### ACTION ITEM
In your copy of the entries below, keep every word exactly and leave out all images.

### SOURCE DATA
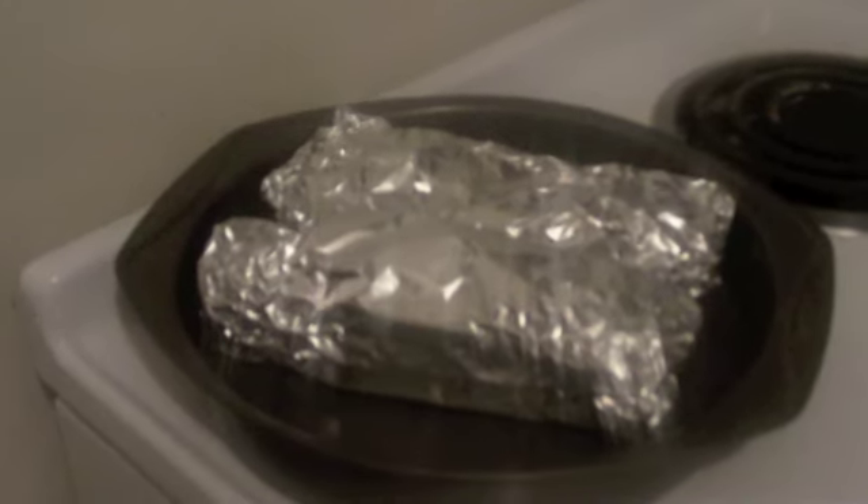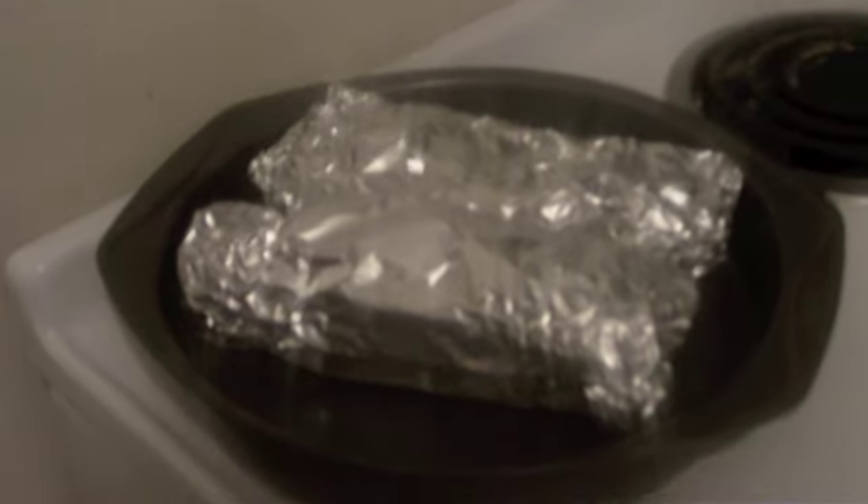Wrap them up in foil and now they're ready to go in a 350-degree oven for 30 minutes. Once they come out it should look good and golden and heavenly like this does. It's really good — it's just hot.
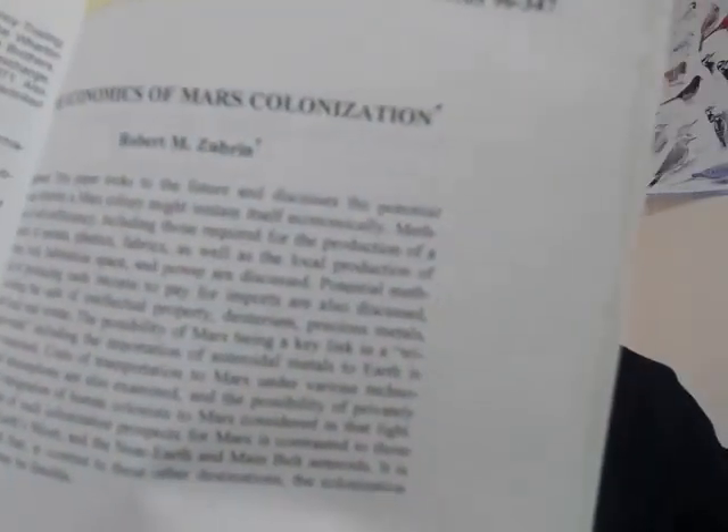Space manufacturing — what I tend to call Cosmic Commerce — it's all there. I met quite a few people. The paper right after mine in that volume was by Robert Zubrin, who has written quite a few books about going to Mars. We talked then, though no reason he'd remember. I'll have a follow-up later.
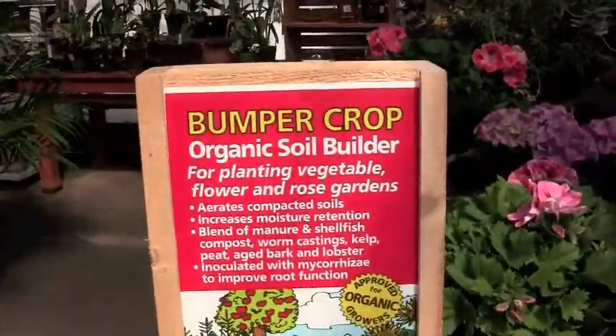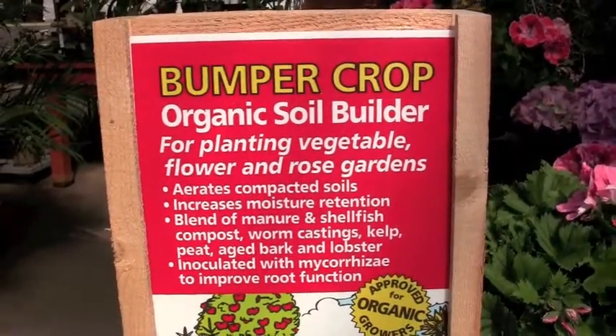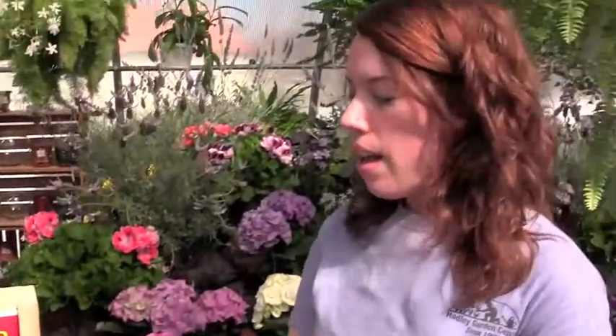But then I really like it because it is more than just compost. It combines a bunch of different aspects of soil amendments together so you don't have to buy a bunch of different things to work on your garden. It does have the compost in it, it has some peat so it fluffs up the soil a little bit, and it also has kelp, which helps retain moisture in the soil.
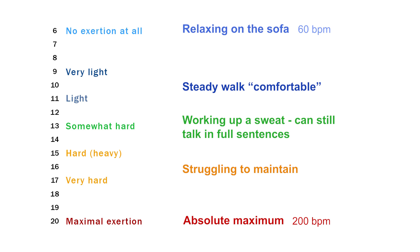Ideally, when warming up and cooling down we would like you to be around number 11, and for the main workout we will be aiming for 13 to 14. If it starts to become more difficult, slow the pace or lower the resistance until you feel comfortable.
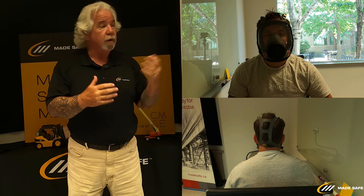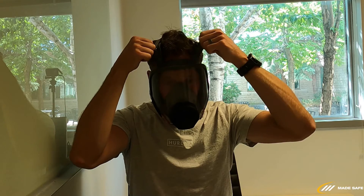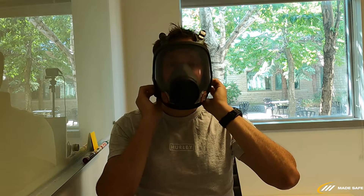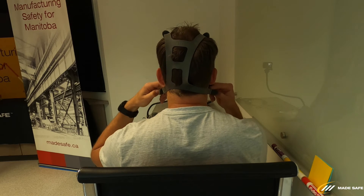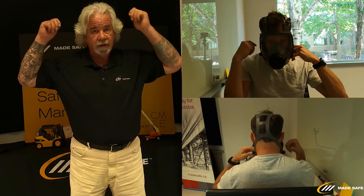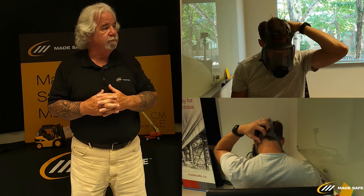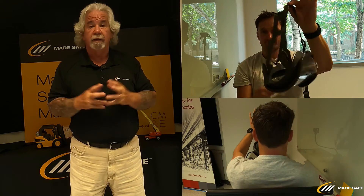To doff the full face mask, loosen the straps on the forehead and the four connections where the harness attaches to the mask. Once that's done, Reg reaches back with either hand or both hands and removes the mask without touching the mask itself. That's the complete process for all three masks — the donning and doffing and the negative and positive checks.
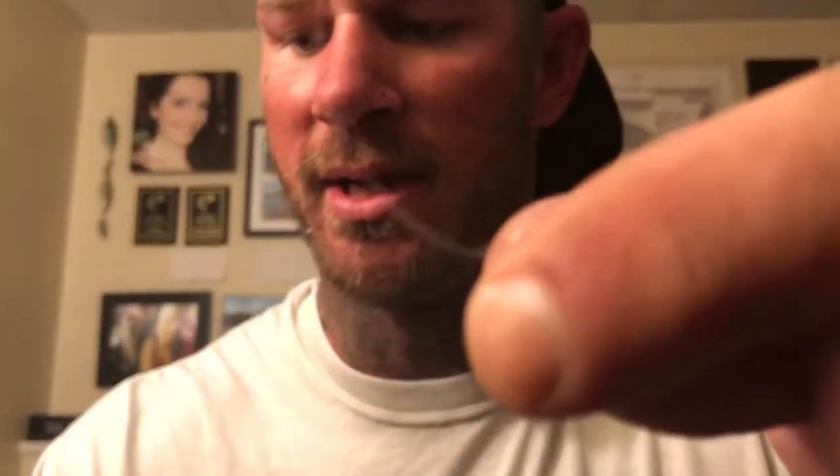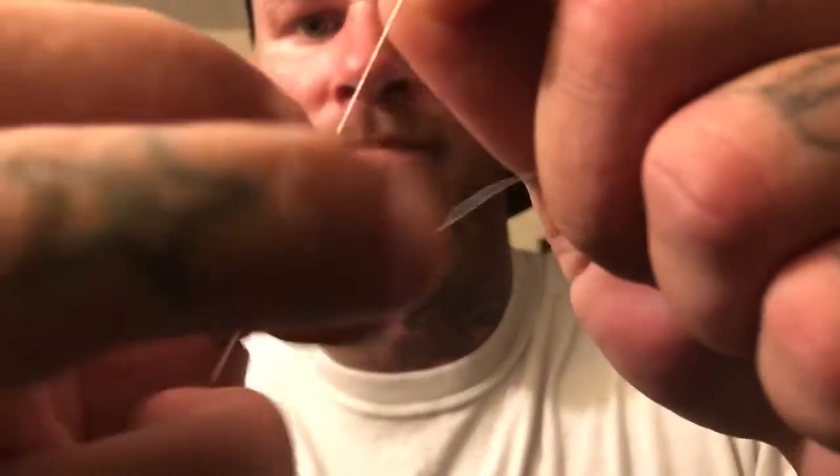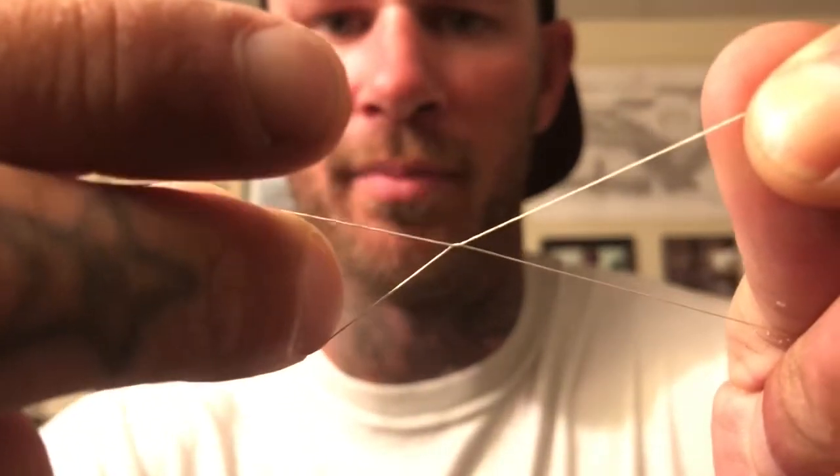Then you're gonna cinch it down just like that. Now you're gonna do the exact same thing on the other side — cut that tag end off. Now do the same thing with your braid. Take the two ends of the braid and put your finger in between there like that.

### ANSWER SECTION
Wrap them up in foil and now they're ready to go in a 350-degree oven for 30 minutes. Once they come out it should look good and golden and heavenly like this does. It's really good — it's just hot.
Space manufacturing — what I tend to call Cosmic Commerce — it's all there. I met quite a few people. The paper right after mine in that volume was by Robert Zubrin, who has written quite a few books about going to Mars. We talked then, though no reason he'd remember. I'll have a follow-up later.
But then I really like it because it is more than just compost. It combines a bunch of different aspects of soil amendments together so you don't have to buy a bunch of different things to work on your garden. It does have the compost in it, it has some peat so it fluffs up the soil a little bit, and it also has kelp, which helps retain moisture in the soil.
Ideally, when warming up and cooling down we would like you to be around number 11, and for the main workout we will be aiming for 13 to 14. If it starts to become more difficult, slow the pace or lower the resistance until you feel comfortable.
To doff the full face mask, loosen the straps on the forehead and the four connections where the harness attaches to the mask. Once that's done, Reg reaches back with either hand or both hands and removes the mask without touching the mask itself. That's the complete process for all three masks — the donning and doffing and the negative and positive checks.
Then you're gonna cinch it down just like that. Now you're gonna do the exact same thing on the other side — cut that tag end off. Now do the same thing with your braid. Take the two ends of the braid and put your finger in between there like that.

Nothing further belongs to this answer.